I was happy that the Concertgebouw chose to hold this concert in the lovely Kleine Zaal, the recital hall, rather than in the sumptuous grandeur of the Grote Zaal. I always like to see the interactions of the musicians up close, and the Combattimento Consort plays with immense physical verve. Artistic director Jan Willem de Vriend introduced each selection, and his friendly manner created a very pleasant, informal atmosphere, which was undeniably present in the music as well.
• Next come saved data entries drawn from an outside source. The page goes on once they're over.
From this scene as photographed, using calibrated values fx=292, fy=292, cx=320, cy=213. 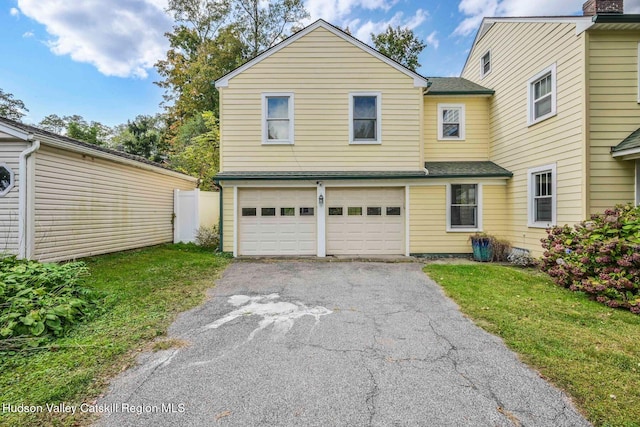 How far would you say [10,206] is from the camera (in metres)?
6.93

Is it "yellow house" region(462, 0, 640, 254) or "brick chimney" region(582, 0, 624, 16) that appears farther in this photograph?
"brick chimney" region(582, 0, 624, 16)

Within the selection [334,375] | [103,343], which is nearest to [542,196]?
[334,375]

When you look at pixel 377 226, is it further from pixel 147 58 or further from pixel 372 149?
pixel 147 58

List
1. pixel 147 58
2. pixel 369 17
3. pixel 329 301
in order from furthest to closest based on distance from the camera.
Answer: pixel 147 58, pixel 369 17, pixel 329 301

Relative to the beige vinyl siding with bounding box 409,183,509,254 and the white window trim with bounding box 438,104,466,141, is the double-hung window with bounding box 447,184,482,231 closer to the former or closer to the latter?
the beige vinyl siding with bounding box 409,183,509,254

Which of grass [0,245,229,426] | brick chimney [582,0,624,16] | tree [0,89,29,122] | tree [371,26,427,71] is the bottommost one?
grass [0,245,229,426]

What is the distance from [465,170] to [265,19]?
1887cm

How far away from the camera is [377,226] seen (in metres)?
9.42

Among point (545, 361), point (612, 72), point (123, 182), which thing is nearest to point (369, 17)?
point (612, 72)

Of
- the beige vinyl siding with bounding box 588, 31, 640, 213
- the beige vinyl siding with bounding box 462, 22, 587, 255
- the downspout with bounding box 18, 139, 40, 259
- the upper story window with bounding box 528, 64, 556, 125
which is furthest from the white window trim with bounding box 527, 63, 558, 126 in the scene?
the downspout with bounding box 18, 139, 40, 259

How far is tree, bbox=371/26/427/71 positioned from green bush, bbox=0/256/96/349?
70.0 ft

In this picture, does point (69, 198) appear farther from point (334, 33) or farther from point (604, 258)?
point (604, 258)

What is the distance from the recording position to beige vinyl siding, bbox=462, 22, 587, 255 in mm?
6852

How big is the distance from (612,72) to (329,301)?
328 inches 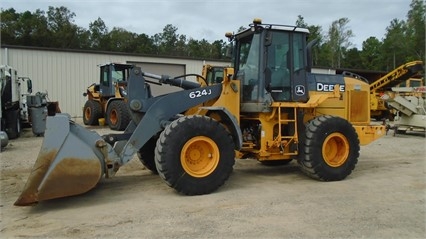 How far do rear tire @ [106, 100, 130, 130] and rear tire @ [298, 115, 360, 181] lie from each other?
30.6 ft

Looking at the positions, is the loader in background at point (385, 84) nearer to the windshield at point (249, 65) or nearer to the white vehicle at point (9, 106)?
the windshield at point (249, 65)

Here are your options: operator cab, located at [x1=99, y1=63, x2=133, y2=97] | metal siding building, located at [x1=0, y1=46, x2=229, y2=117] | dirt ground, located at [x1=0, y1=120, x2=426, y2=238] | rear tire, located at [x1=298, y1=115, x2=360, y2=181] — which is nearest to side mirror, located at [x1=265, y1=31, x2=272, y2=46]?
rear tire, located at [x1=298, y1=115, x2=360, y2=181]

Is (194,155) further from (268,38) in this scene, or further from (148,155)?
(268,38)

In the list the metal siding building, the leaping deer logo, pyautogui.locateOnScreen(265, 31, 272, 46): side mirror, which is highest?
the metal siding building

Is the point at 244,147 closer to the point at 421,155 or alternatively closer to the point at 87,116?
the point at 421,155

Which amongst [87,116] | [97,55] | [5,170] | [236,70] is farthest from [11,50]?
[236,70]

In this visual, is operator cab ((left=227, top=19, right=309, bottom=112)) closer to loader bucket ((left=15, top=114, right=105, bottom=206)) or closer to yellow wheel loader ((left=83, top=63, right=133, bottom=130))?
loader bucket ((left=15, top=114, right=105, bottom=206))

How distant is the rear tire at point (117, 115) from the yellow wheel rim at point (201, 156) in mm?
9343

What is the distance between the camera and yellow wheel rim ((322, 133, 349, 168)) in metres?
6.75

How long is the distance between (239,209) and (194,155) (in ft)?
3.67

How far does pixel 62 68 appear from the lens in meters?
22.1

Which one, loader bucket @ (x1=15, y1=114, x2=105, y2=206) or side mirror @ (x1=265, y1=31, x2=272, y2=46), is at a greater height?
side mirror @ (x1=265, y1=31, x2=272, y2=46)

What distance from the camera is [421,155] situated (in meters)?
9.86

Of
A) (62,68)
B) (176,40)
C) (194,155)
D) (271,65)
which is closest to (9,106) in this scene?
(62,68) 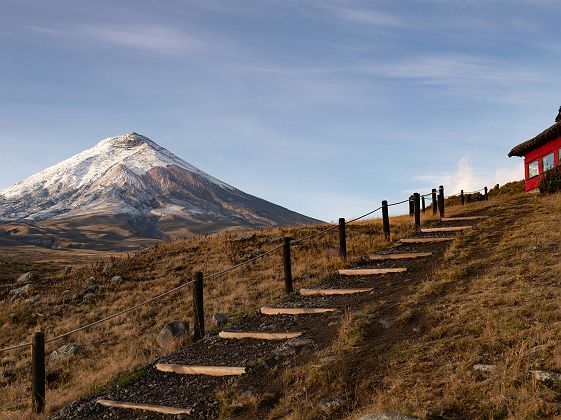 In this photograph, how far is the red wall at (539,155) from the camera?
98.7 ft

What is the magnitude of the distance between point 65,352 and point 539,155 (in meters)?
29.5

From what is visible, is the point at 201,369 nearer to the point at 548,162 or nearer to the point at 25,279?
the point at 25,279

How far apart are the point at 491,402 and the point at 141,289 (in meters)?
18.9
As soon as bow hit string in the fabulously dissonant first chord of “Cahos”, the prologue to Jean-Féry Rebel’s Les élémens, I knew we were in for some fun. The consort’s playing was more gutsy than refined, but that approach worked very well for this lively programme. De Vriend and his team dig the bow boldly into the string, and the resulting sound is bright and invigorating, though now and again on the hard side. The ensemble clearly relished Rebel’s subversive flair, and played with terrific gusto and energy throughout. The flutes were rather shrill, sometimes uncomfortably so, in the Rebel, especially in the fourth movement, but were much more in balance when they returned later for the Bach. The solo horn player in the seventh movement did not play from the stage but appeared unexpectedly at the side of the concert hall, much to the surprise and pleasure of the audience.
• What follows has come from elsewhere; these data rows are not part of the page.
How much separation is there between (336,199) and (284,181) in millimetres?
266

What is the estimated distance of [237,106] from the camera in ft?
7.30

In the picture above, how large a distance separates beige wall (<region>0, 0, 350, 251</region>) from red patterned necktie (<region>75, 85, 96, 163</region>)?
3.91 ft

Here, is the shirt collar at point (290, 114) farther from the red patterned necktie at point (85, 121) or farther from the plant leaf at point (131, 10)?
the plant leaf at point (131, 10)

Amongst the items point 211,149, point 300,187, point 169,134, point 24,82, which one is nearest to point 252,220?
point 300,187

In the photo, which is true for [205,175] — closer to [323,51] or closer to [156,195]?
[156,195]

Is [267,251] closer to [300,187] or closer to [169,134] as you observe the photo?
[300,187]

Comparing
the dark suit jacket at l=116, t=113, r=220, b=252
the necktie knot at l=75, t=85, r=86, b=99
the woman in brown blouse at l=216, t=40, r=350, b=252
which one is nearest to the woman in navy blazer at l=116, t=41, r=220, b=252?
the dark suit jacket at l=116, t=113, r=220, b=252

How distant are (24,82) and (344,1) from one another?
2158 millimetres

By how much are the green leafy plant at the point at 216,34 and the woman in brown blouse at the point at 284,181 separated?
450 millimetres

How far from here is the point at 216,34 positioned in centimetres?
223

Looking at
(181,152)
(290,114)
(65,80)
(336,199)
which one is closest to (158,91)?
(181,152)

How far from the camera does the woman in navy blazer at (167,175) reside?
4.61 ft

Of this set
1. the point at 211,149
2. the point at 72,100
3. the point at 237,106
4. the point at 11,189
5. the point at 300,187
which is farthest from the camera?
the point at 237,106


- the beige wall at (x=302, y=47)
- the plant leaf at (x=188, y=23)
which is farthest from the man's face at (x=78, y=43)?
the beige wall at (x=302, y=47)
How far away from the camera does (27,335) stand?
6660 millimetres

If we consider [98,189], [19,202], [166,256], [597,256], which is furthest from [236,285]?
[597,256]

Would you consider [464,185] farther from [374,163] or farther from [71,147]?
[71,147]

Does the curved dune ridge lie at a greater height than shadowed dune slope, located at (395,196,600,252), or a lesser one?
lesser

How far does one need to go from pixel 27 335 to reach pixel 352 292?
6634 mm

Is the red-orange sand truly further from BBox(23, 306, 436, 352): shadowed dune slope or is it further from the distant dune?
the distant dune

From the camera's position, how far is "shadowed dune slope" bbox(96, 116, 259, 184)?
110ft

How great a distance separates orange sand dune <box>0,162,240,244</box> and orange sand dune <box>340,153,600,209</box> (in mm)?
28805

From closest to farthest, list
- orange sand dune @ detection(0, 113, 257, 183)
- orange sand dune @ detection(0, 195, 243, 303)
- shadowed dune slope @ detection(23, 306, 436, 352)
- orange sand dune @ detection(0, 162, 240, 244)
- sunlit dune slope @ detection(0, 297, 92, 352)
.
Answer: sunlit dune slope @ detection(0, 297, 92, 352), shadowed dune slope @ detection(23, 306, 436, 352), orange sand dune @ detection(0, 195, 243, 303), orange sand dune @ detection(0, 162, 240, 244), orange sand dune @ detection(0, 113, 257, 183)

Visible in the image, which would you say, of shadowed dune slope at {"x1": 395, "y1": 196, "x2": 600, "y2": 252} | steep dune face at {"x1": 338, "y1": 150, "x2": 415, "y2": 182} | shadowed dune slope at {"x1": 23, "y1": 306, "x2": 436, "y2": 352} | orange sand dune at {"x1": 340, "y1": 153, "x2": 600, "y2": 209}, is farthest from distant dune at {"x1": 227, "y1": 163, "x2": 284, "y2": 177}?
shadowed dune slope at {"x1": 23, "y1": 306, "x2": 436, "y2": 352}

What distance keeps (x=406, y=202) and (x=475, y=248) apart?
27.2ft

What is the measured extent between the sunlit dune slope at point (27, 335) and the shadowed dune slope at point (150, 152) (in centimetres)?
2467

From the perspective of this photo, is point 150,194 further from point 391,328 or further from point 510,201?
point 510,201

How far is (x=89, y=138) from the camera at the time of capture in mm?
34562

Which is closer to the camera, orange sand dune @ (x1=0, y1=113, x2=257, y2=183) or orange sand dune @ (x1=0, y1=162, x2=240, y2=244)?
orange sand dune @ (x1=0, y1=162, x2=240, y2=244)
Recorder player Erik Bosgraaf gave a performance of uninhibited drama and humour in Vivaldi’s “nightmare” concerto La notte. His physically mobile, expressive stage presence was perfectly in agreement with this ensemble’s confident showmanship and he handled the demanding passaggi with flair. The audience responded with warm enthusiasm, especially when Bosgraaf returned to the stage to deliver an impressive encore: two virtuosic variations on “Comagain” by Jacob van Eyck, played with dizzying speed and agility. The variations are based on John Dowland’s “Come again, sweet love doth now invite” from his First booke of songes or ayres. One condition of van Eyck’s employment at the Janskerk in Utrecht was that he should play his recorder in the churchyard of an evening, to entertain the public. If what I heard on Sunday is anything to go by, the churchyard must have been a remarkably lively place!
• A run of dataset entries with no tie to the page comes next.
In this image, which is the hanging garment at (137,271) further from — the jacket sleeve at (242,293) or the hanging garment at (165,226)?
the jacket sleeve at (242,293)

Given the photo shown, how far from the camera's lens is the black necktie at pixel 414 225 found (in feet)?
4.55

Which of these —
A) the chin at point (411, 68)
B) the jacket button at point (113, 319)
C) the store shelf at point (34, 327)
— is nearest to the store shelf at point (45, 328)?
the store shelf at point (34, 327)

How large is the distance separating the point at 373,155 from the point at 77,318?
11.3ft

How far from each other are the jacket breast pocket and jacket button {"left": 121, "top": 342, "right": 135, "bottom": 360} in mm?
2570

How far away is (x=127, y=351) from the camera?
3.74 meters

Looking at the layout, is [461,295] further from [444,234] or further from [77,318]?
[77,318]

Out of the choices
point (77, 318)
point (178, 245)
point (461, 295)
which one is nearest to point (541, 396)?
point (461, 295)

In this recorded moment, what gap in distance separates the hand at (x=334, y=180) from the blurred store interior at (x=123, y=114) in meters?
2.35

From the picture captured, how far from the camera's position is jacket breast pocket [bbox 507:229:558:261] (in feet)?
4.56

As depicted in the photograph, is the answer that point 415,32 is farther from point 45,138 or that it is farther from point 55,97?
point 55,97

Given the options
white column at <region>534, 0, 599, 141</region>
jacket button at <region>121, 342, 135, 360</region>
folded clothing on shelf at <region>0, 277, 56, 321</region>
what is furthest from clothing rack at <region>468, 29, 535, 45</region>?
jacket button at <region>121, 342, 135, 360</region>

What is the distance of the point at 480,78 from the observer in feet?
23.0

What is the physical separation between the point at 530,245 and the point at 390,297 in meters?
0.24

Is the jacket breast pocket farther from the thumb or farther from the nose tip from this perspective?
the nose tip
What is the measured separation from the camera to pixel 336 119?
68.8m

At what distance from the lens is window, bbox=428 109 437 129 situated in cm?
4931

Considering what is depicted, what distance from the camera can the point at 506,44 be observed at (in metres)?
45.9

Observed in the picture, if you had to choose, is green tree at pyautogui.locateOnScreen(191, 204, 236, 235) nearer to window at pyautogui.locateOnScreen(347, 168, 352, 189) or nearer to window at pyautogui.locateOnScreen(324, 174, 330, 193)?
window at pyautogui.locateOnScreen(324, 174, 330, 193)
C.P.E. Bach’s double concerto for fortepiano and harpsichord was a particularly pleasurable part of the evening. It was exciting to hear these two instruments together, and Ronald Brautigam and Francesco Corti delivered an elegant, precise and very delicate performance. The Larghetto second movement was delicious, with warm and gracious playing from the ensemble lovingly framing the tender, meditative conversation between piano and harpsichord. After showing gentleness and restraint in the Larghetto, the ensemble’s irrepressible energy burst out again in the Presto with more than a hint of mischief. The last piece programmed was Telemann’s jubilant concerto for three oboes and three violins. The oboe section had a lean, clean sound and the spirited exchange between oboes and violins seemed to invite the audience to join the party. Audiences in the Netherlands sometimes give standing ovations almost as a matter of courtesy, but this one was an immediate, spontaneous and enthusiastically genuine gesture of thanks for an evening of frank enjoyment.

In addition to being one of the Concertgebouw Jubilee concerts, this concert was one of the last the Combattimento Consort Amsterdam will give together in their current form. De Vriend is leaving the ensemble in January 2014 in order to focus on his conducting career. The other musicians will continue to play together under the name Combattimento. Understandably, their playing on Sunday had the uninhibited fizz and crackle of a farewell party. Their Christmas Oratorio tour opens on 15 December: if you need a tonic for the cold dark weather, you won’t want to miss it.